02/08/2012,
Léon
Leslie,
Est-ce toi qui diriges notre échange ? Est-ce toi qui as
le pouvoir de me donner ou de me couper la parole? Si dans les pages
blanches que tu m’envoies il y a déjà, en puissance, toute ma
parole, pourquoi moi aussi ne t’enverrais-je pas de pages, non
vierges, mais non révélées ? Finalement dans notre échange, c’est
toi qui est la plus amarrée, la plus stable, tu es dans ton espace
domestique alors que moi je suis en transit et je ne peux (ne veux?)
m’alourdir d’objets à usage personnel, je ne veux pas laisser de
traces, je ne veux que du comestible, rien ne doit rester. Ce que
j’ai de personnel ici c’est ce que j’ai amené avec moi. Si tu
ne m’envoyais pas de papier, peut-être ne t’enverrais-je que la
poussière que je sème derrière moi.
Et oui, le fait que je sois gaucher et toi droitière
pourrait faire de nous soit un hybride, soit un double, soit un
reflet. Comme je te l’ai dit dans ma précédente lettre à propos
des amis qui sont de l’autre côté du ciel, c’est comme si
j’étais pour toi de l’autre côté de la page blanche.
Tu parles de Gonzales-Torres, j’adore évidemment ce
rapprochement, mais c’est vrai que dans mes histoires
d’entrelacement j’ai toujours été confronté au problème de
l’indétermination des deux êtres. De manière physique c’est
impossible, et de manière éthique ce n’est pas non plus
recommandé je pense. Ma dernière lettre où je parle de négligence
t’as fait réagir et c’est tant mieux, on ne peut toujours être
d’accord, il ne le faut pas, on ne peut conventionner nos pensées.

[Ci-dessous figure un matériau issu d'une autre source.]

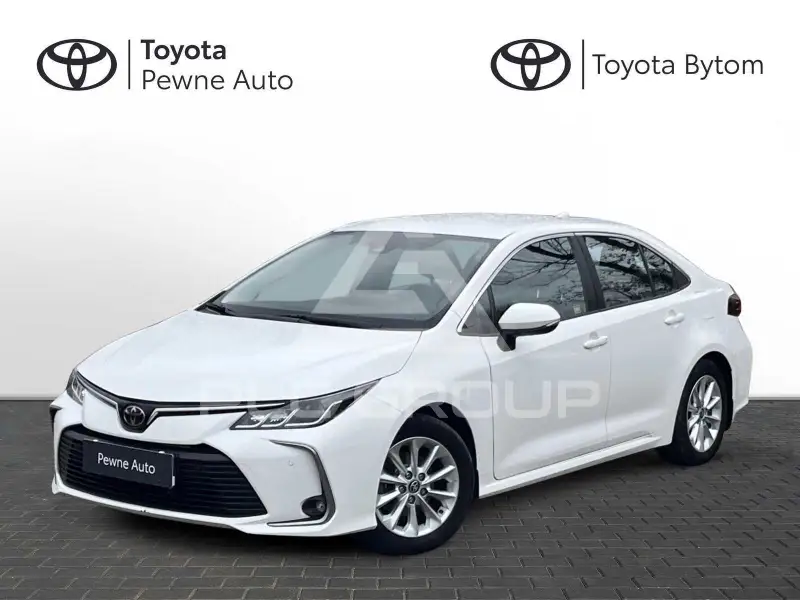 2023 Toyota COROLLA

Être d’accord simplifie et accélère le rythme de pensée, mais
l’être en permanence n’a rien de bon. En amour, en théorie ou
en entrelacs, l’élément de distinction personnel, celui qui
n’adhère pas à l’autre, a toute son importance pour maintenir
et enrichir la relation. C’est dans l’altérité qu’on évolue,
qu’on s’adapte, qu’on rectifie, je ne veux jamais oublier que
tu es une altérité, je ne veux pas que tu sois moi, je veux que tu
restes le corps qui me fait face, la pensée en mouvement, la voix
qui me berce. Cette activité érotique se fait à deux, c’est toi
qui es au bout du fil, pas un autre moi. Si nous étions de purs
esprits désincarnés nous pourrions nous mêler, nous fondre l’un
dans l’autre, mais nous avons des corps, qui plus est nous avons
chacun une passion pour Le corps, gardons en tête que ce qui nous
fascine et nous remplie de curiosité esthétique est l’unique
barrière à la fusion totale.
La parole dite est mêlée d’air et d’eau, la pensée
est électrique, l’écriture est mécanique, même la sphère de
l’idée devient une matérialité discernable.

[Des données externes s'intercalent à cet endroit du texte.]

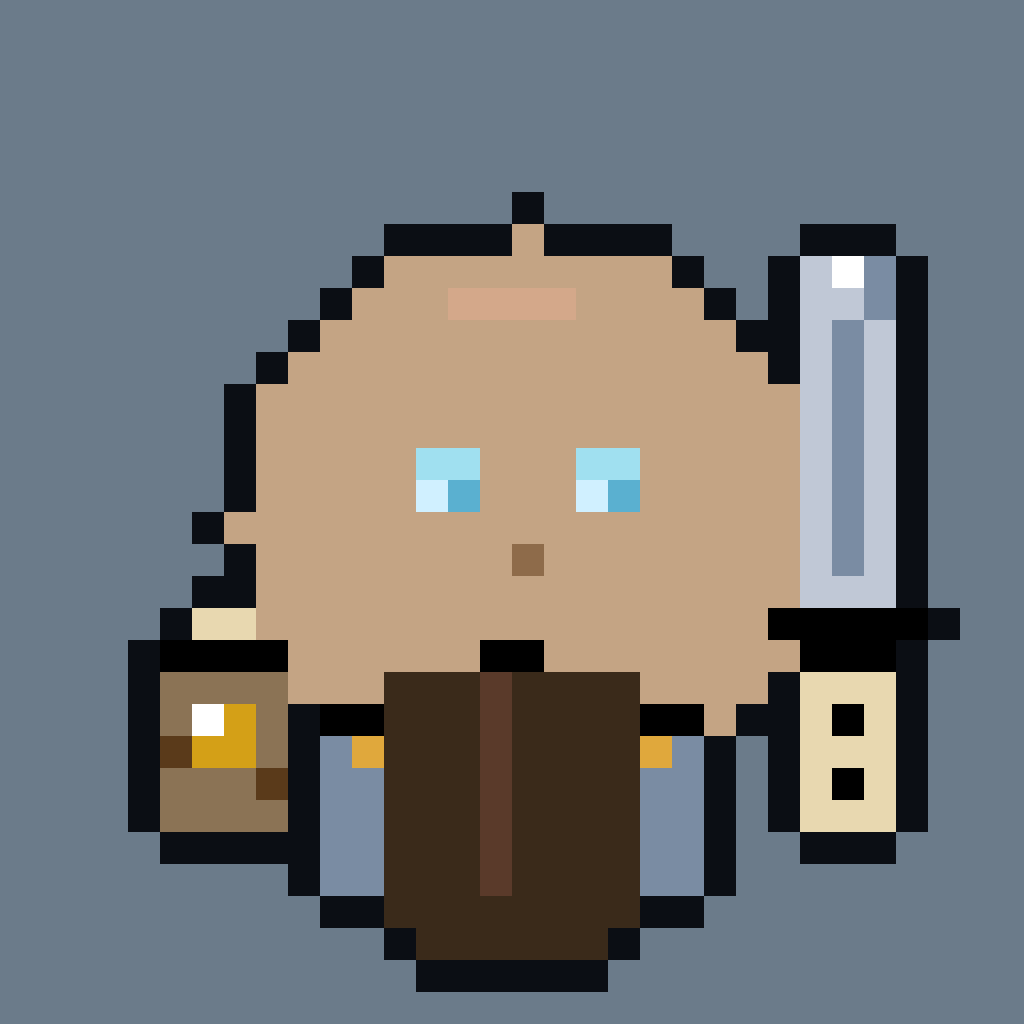 Norse Pixels #82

Malgré ce carcan physique, nous projetons des concepts
d’entrelacs et de porter-sur-soi, c’est beau, nous avons le désir
commun d’outrepasser les limites du corps et du visible pour tisser
un lien plus fort que tout. Si tu étais adepte de la méditation,
j’aurais aimé que l’on fasse un exercice de pensée active,
séparés et ensemble, de pensée et de corps aussi, car la
méditation demeure très corporelle, pour voir, en la pratiquant
souvent, jusqu’où pourrions-nous amener un entrelacement, une
écoute, une sensation mutuelle.
Je te laisse d’ailleurs méditer à tout le blanc que je
te réserve, c’est drôle, car depuis le début, aucun de nous n’a
véritablement exploiter sa puissance de “ne pas”. Peut-être
voudras-tu recouvrir le reste de la pression de mon écriture, ou
bien t’en saisir comme tel, comme une empreinte érotique de la
pression de ma main sur l’espace d’expression que je t’offre.
Que tu puisses l’effleurer comme le grain de ma peau.